▶ [Task to complete] An exact copy of every entry below is required, and no picture may appear in it.
[[ Entries provided open ]]
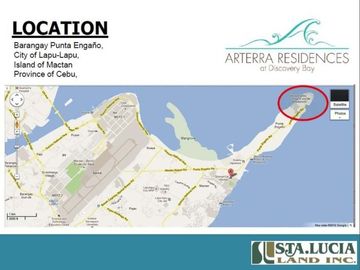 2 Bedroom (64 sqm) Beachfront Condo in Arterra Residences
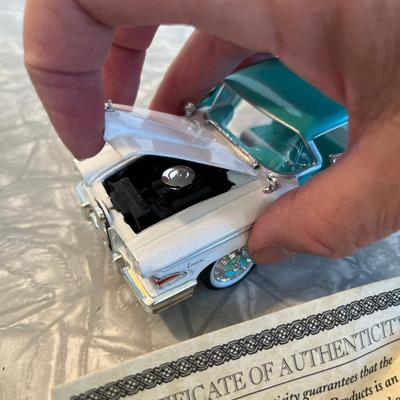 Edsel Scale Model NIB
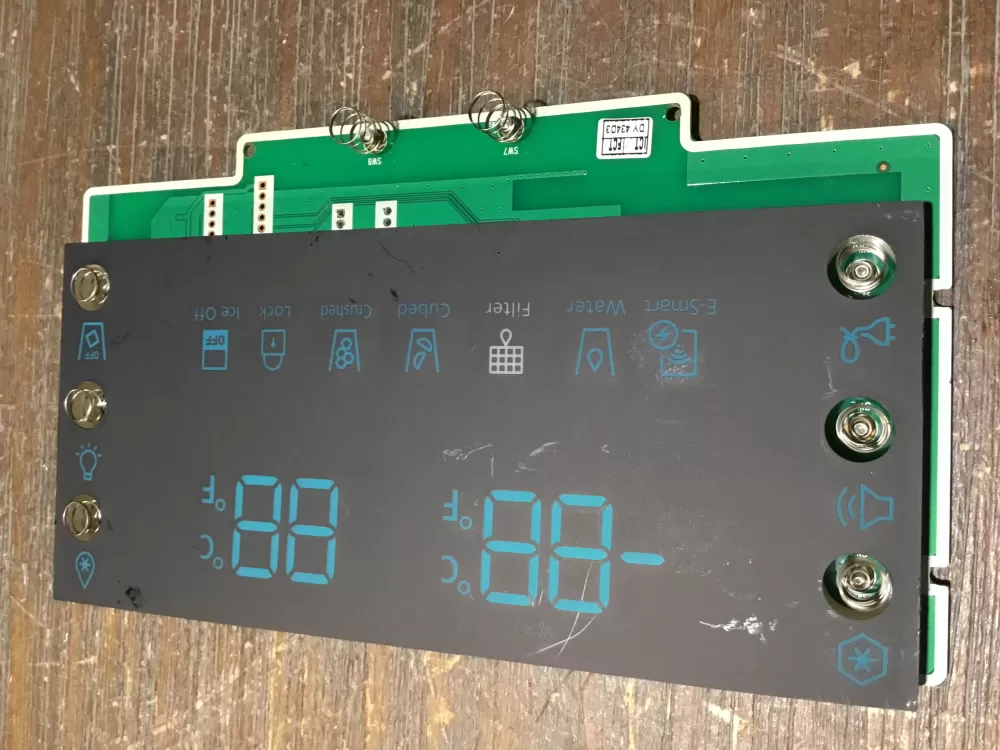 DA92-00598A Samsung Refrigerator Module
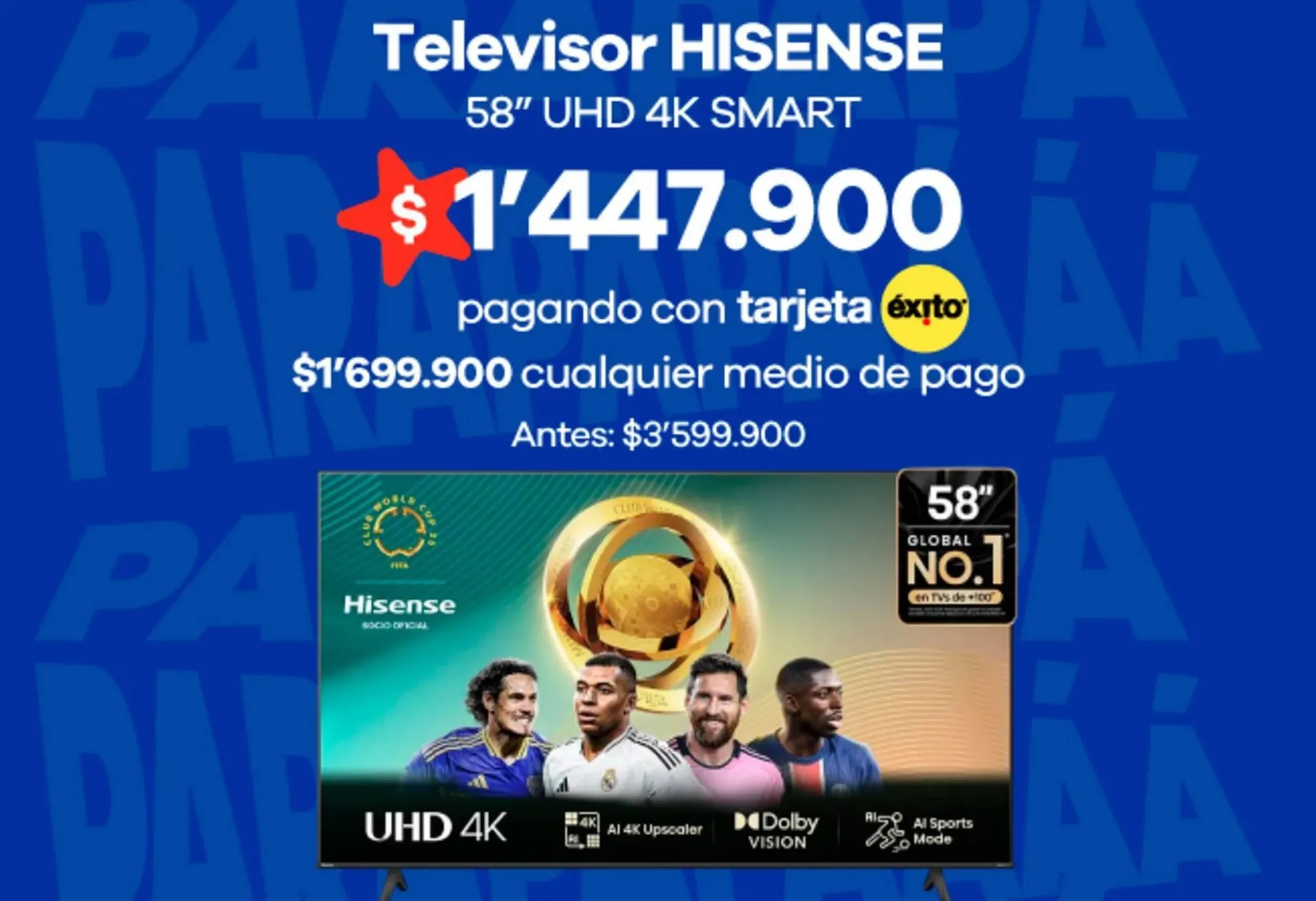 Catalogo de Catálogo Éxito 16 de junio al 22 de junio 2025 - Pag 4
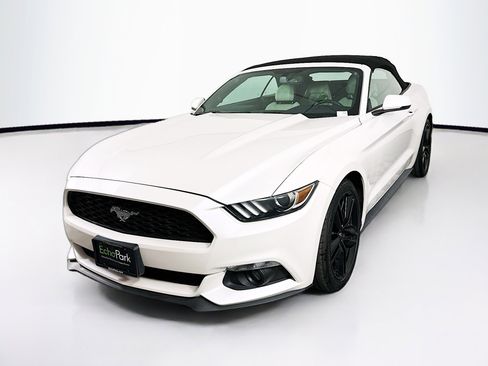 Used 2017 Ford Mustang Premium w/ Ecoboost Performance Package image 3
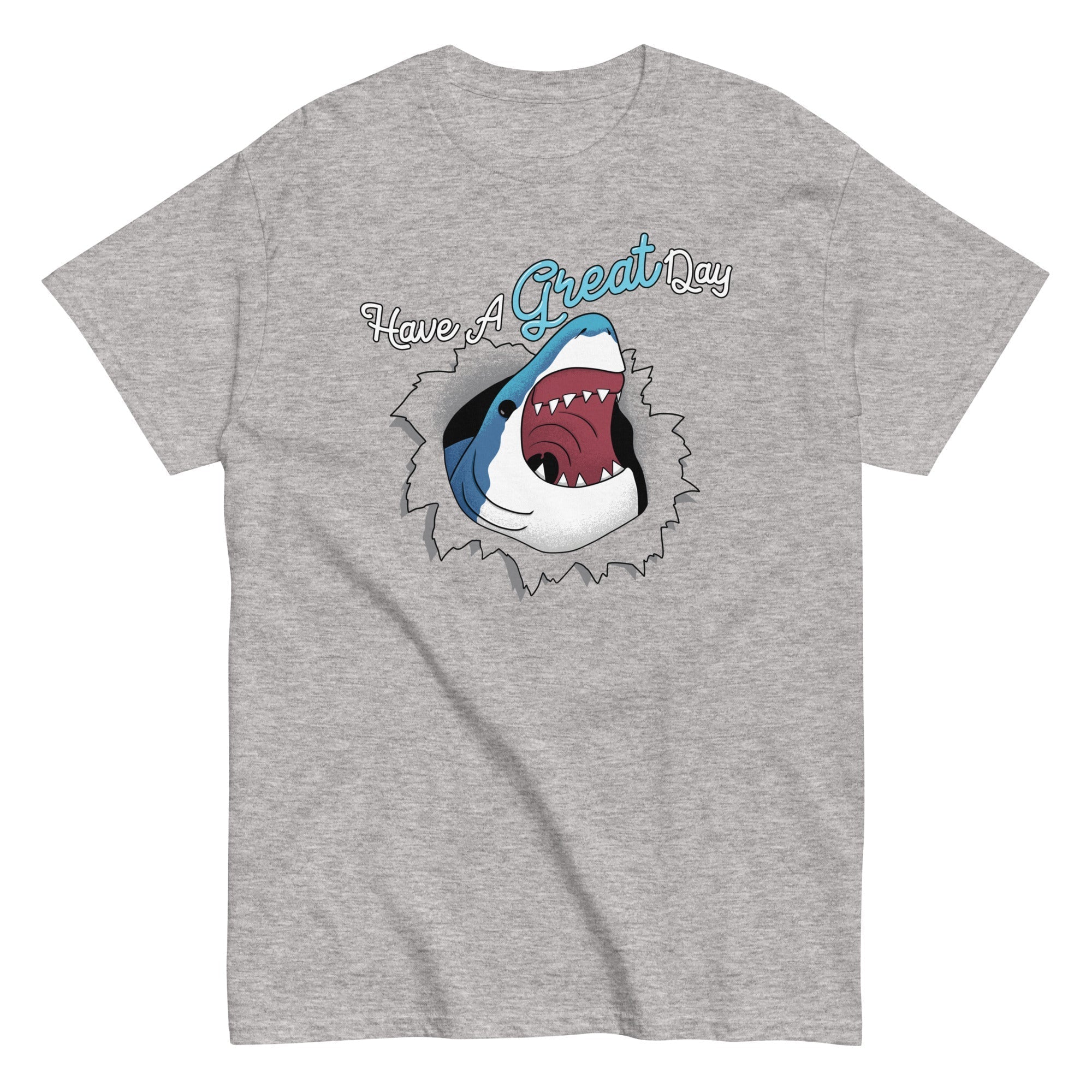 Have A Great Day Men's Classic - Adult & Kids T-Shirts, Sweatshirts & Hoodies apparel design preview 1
[[ Entries provided closed ]]
▶ [Answer to the exercise]
 2 Bedroom (64 sqm) Beachfront Condo in Arterra Residences
 Edsel Scale Model NIB
 DA92-00598A Samsung Refrigerator Module
 Catalogo de Catálogo Éxito 16 de junio al 22 de junio 2025 - Pag 4
 Used 2017 Ford Mustang Premium w/ Ecoboost Performance Package image 3
 Have A Great Day Men's Classic - Adult & Kids T-Shirts, Sweatshirts & Hoodies apparel design preview 1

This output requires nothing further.